Feature Dify.AI LangChain Flowise OpenAI Assistants API
Programming Approach API + App-oriented Python Code App-oriented API-oriented
Supported LLMs Rich Variety Rich Variety Rich Variety OpenAI-only
RAG Engine ✅ ✅ ✅ ✅
Agent ✅ ✅ ❌ ✅
Workflow ✅ ❌ ✅ ❌
Observability ✅ ✅ ❌ ❌
Enterprise Features (SSO/Access control) ✅ ❌ ❌ ❌
Local Deployment ✅ ✅ ✅ ❌

Using Dify

  • Cloud
    We host a Dify Cloud service for anyone to try with zero setup. It provides all the capabilities of the self-deployed version, and includes 200 free GPT-4 calls in the sandbox plan.

  • Self-hosting Dify Community Edition
    Quickly get Dify running in your environment with this starter guide. Use our documentation for further references and more in-depth instructions.

  • Dify for enterprise / organizations
    We provide additional enterprise-centric features. Log your questions for us through this chatbot or send us an email to discuss enterprise needs.

    For startups and small businesses using AWS, check out Dify Premium on AWS Marketplace and deploy it to your own AWS VPC with one-click. It's an affordable AMI offering with the option to create apps with custom logo and branding.

Staying ahead

Star Dify on GitHub and be instantly notified of new releases.

star-us

Quick start

Before installing Dify, make sure your machine meets the following minimum system requirements:

  • CPU >= 2 Core
  • RAM >= 4GB

The easiest way to start the Dify server is to run our docker-compose.yml file. Before running the installation command, make sure that Docker and Docker Compose are installed on your machine:

cd docker
cp .env.example .env
docker compose up -d

After running, you can access the Dify dashboard in your browser at http://localhost/install and start the initialization process.

If you'd like to contribute to Dify or do additional development, refer to our guide to deploying from source code

Next steps

If you need to customize the configuration, please refer to the comments in our .env.example file and update the corresponding values in your .env file. Additionally, you might need to make adjustments to the docker-compose.yaml file itself, such as changing image versions, port mappings, or volume mounts, based on your specific deployment environment and requirements. After making any changes, please re-run docker-compose up -d. You can find the full list of available environment variables here.

If you'd like to configure a highly-available setup, there are community-contributed Helm Charts and YAML files which allow Dify to be deployed on Kubernetes.

Using Terraform for Deployment

Azure Global

Deploy Dify to Azure with a single click using terraform.

Contributing

For those who'd like to contribute code, see our Contribution Guide. At the same time, please consider supporting Dify by sharing it on social media and at events and conferences.

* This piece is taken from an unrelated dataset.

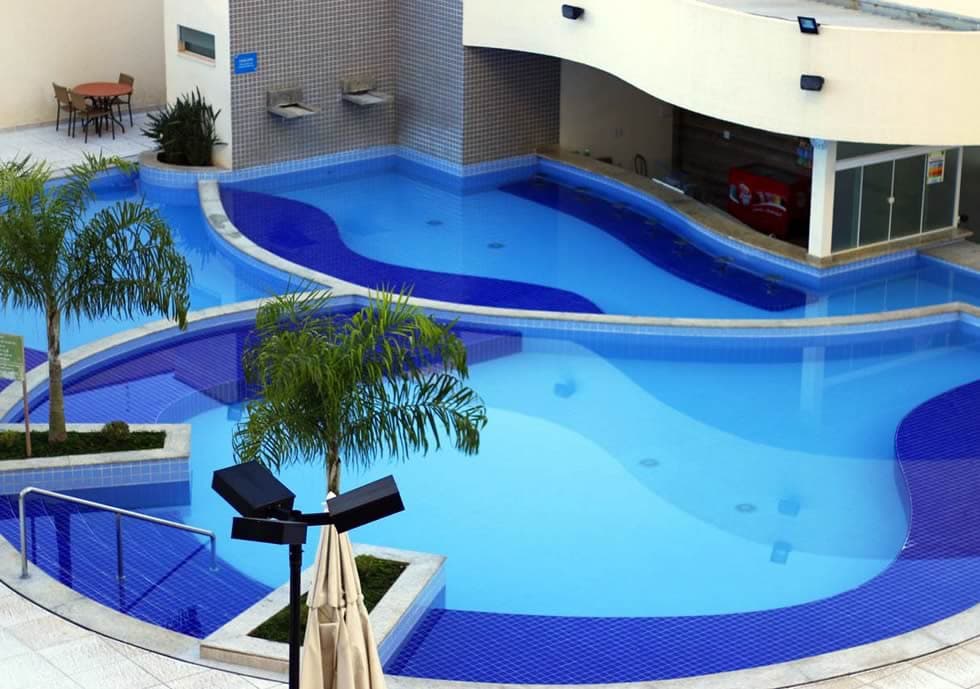 Parque aquático do Grupo Privé com toboáguas e piscinas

We are looking for contributors to help with translating Dify to languages other than Mandarin or English. If you are interested in helping, please see the i18n README for more information, and leave us a comment in the global-users channel of our Discord Community Server.

Contributors

Community & contact

  • Github Discussion. Best for: sharing feedback and asking questions.
  • GitHub Issues. Best for: bugs you encounter using Dify.AI, and feature proposals. See our Contribution Guide.
  • Discord. Best for: sharing your applications and hanging out with the community.
  • Twitter. Best for: sharing your applications and hanging out with the community.

Star history

Star History Chart

Security disclosure

To protect your privacy, please avoid posting security issues on GitHub. Instead, send your questions to security@dify.ai and we will provide you with a more detailed answer.

License

This repository is available under the Dify Open Source License, which is essentially Apache 2.0 with a few additional restrictions.